Chouza v Martins and others [2021] EWHC 1669 (QB)

Steve Hill Ltd v Witham [2021] EWCA Civ 1312

Although very different cases on the facts, these two recent judgments show the risks involved in litigation. Chouza shows the danger that having heard the evidence, a judge might accept almost the entirety of a claimant’s case. Steve Hill Ltd shows how a significant change of circumstances can undermine the basis of a claim, even if it occurred after trial while an appeal was pending.
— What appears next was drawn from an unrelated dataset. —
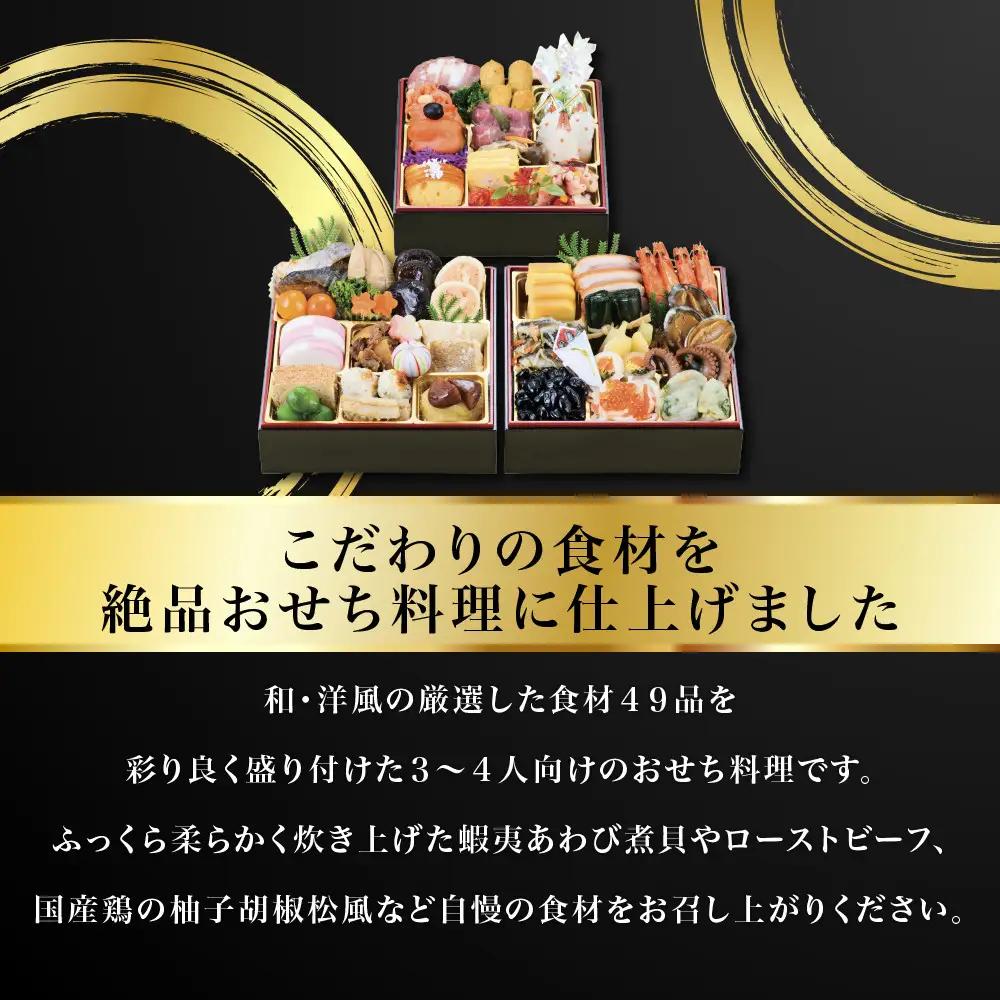 おせち 慶雲 三段重 3～4人前  京おせち 【衹おん江口 監修】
Chouza arose from a fatal road traffic accident. The deceased was a Spanish national and 50 at the time, leaving a wife and four children. He ran his own business in Spain, but this had run into difficulty and the deceased had commenced contracting for another company, Andeona, as an operator of a construction plant and an HGV driver. A claim for €995,601 in future financial dependency was advanced, the Defendant arguing for just a quarter of that, at €254,078. Mr Justice Martin Spencer concluded the dispute overwhelmingly in the Claimant’s favour, awarding €824,088. The way the evidence was resolved shows the difficulty a defendant can face in attacking contentions advanced by a claimant. For example, the Defendant argued that it was “unlikely in the extreme” that but for his death, Andeona would have paid the deceased €250 a day net as an employee. The judge found that he was “a hard-working man”, and found the evidence of the managing director, Ms Magdalena, persuasive, citing her statement that “I don’t know what the future would have held if the deceased had survived but we would have paid whatever it took to keep him on because he was such a valued contributor to the company.” Efforts by the Defendant’s counsel to challenge such evidence were wholly unsuccessful. The decision is also notable for the judge being persuaded to depart from the conventional dependency percentages of 75% / 66 % if no dependent children, on the basis that the deceased spent very little on himself, instead awarding 85% / 70%.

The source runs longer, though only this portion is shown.